O rompimento a que alude explica também o título, que o disco partilha com a sua dissertação de mestrado em Estética e Estudos Artísticos. “Tem como tema a expressão vocal no trabalho do luto e a vocalização do luto no trabalho de criação. É um projecto de investigação que me tem acompanhado nos últimos anos e que surge de questões muito ligadas ao meu trabalho musical”, descreve. “As minhas canções, e talvez este álbum em particular, que é, no fundo, um álbum de luto e perda, partem frequentemente de um lugar que desperta e é despertado por mecanismos de identificação de faltas, falhas e longing que caracterizam a experiência do luto e, ao mesmo tempo, lhe resistem.” 

“Às vezes sinto que, quando faço uma canção, estou a resistir ao desaparecimento daquilo que [ela] invoca, como uma cápsula do tempo onde posso guardar coisas, ou uma passagem. A voz estabelece uma relação com tudo isto que me parece especialmente interessante, desde logo pelo facto de sinalizar a presença do corpo vivo que a produz, ao mesmo tempo que, pelo seu carácter relacional, convoca o corpo vivo que a recebe/ouve, num espaço que não é nem de um nem de outro”, continua. “A minha pesquisa também tem identificado a enorme importância que a voz e a expressão vocal sempre tiveram em contextos de rituais fúnebres, como veículo de chamamento e conexão, e aborda ainda a questão de género que atravessa esta relação temática voz/luto.”

No disco, o luto não é pelos mortos, mas por alguém vivo. Um processo mais difícil e espinhoso. Quando uma pessoa morre, sabemos que não vai voltar – talvez por isso, quando terminamos o luto, é possível seguir em frente. Quando uma pessoa desaparece, por outro lado, há uma esperança e um receio do retorno: sabemos que a desparecida pode e talvez vá mesmo voltar. Por isso, nunca deixa de nos assombrar. Não dá para esconjurar os vivos. “Reconheço essa distinção”, diz, ”mas estou mais interessada naquilo que é comum a ambos esses lutos – e a qualquer tipo de luto.”

“[O luto] pode nem ser por uma pessoa, pode ser por um sítio, um tempo, uma ideia, por objectos, por quem já fomos e deixámos de ser... Aliás, normalmente, no luto, lidamos sempre com a perda de algo em nós.” Interessa-lhe “o luto como relação melancólica e criativa com a existência no geral, connosco, com o outro. Olhar para o luto como algo mais do que apenas uma relação com o passado. Obviamente diz respeito ao que já foi, mas é também vivido agora e projecta-se no que virá. Inclusive é possível um luto pelo futuro (penso que, nos nossos dias, isso é algo muito presente).”

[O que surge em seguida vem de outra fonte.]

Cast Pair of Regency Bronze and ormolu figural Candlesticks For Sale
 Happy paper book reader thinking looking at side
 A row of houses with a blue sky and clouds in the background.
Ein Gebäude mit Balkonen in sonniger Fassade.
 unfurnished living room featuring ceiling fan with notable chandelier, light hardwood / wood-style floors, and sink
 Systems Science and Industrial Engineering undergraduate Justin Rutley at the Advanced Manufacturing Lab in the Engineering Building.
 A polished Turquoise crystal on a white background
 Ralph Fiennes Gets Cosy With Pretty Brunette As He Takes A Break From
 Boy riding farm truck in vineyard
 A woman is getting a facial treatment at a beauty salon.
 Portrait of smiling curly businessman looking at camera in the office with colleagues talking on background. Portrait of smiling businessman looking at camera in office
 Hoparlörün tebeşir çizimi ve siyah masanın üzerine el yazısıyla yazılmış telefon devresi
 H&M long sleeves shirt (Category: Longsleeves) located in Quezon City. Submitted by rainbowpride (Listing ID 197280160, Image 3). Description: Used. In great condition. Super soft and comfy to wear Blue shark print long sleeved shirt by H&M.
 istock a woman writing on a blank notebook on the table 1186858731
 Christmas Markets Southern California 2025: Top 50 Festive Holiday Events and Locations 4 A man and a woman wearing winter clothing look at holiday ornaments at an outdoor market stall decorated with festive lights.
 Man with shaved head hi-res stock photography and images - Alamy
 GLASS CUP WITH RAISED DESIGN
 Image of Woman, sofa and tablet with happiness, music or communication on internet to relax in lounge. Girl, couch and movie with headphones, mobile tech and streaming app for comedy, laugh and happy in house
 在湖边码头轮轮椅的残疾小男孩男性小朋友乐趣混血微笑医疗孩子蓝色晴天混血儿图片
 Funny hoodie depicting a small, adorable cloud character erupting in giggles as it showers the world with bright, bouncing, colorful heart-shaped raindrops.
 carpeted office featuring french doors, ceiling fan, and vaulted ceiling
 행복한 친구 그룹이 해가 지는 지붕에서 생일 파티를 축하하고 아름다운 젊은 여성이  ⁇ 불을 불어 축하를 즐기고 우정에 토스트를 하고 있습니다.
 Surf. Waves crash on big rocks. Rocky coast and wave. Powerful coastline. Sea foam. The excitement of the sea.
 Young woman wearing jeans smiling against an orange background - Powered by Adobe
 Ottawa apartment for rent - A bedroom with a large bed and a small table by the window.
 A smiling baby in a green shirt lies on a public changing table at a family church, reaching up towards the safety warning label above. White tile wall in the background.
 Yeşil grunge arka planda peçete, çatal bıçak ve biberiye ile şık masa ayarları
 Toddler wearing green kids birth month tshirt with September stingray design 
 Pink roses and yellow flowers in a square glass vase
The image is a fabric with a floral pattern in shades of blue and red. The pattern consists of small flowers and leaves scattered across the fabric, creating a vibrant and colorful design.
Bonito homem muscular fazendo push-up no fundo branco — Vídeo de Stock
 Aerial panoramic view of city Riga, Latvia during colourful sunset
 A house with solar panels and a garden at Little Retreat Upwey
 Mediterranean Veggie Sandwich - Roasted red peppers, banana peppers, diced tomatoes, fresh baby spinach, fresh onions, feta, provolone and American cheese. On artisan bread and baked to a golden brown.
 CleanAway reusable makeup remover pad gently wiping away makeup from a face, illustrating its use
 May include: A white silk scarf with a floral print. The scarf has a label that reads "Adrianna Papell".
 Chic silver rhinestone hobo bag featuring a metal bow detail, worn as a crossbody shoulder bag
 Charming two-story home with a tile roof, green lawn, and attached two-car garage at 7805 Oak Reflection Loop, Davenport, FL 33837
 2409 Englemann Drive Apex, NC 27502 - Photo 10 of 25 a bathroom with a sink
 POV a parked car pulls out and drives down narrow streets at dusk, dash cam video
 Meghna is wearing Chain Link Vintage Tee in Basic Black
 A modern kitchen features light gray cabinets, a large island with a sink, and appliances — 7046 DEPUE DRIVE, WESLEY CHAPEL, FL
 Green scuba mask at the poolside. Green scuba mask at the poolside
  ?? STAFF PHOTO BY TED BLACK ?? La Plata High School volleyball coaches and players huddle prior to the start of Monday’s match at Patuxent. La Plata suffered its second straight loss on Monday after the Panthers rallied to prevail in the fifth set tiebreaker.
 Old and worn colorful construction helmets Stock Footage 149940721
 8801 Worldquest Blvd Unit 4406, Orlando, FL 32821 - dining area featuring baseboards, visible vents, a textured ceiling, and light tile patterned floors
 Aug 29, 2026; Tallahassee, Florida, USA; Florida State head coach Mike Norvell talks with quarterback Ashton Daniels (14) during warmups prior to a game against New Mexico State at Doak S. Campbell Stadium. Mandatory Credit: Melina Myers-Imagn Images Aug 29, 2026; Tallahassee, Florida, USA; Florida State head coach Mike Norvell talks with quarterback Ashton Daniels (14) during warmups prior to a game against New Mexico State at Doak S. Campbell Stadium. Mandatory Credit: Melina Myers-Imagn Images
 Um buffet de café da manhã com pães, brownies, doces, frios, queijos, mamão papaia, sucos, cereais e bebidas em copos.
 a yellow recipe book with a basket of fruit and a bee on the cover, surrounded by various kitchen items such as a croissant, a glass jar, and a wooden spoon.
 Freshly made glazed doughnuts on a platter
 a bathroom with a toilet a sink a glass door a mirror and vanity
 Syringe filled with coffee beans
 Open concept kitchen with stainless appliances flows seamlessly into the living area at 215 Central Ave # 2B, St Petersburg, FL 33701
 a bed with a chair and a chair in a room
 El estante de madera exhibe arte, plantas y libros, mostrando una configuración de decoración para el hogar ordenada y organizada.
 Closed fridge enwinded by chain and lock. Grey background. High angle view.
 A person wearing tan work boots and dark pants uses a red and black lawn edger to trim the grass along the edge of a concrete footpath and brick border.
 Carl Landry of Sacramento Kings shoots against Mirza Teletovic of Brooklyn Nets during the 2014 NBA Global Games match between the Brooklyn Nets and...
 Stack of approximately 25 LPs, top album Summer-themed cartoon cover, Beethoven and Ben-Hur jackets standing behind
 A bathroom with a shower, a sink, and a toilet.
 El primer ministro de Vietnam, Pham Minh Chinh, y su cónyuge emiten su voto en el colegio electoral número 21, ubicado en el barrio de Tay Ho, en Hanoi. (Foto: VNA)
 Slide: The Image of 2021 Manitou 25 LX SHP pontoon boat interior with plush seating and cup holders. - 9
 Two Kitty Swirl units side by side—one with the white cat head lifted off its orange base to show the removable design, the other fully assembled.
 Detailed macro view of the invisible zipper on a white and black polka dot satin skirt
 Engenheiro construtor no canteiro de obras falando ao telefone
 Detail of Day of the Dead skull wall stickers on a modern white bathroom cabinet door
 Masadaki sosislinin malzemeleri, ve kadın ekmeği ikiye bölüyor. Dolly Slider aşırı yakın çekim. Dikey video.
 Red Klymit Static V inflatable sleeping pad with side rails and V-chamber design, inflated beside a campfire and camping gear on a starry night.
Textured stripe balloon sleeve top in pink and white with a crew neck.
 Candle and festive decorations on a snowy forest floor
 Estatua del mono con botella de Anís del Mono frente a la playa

“Uma ideia que exploro na minha tese, e que parte de aspectos da minha experiência pessoal, vida quotidiana e processos de criação/composição de canções, é a ideia do luto como processo de resistência”, explica. “Enquanto tal, o luto nunca termina propriamente. O que é irrecuperável não se substitui. Mas o lugar desse vazio também nunca desaparece. Então, interessa-me pensar no luto enquanto manutenção constante de um diálogo – com o que já não está (onde estava), ou já não é (como era), ou sabemos que vai deixar de ser – que resiste à substituição, à resolução e ao tratamento. O luto pode ser uma forma de contestar um lugar (aberto) para os nossos fantasmas.”

“A música é sempre um exercício de purga”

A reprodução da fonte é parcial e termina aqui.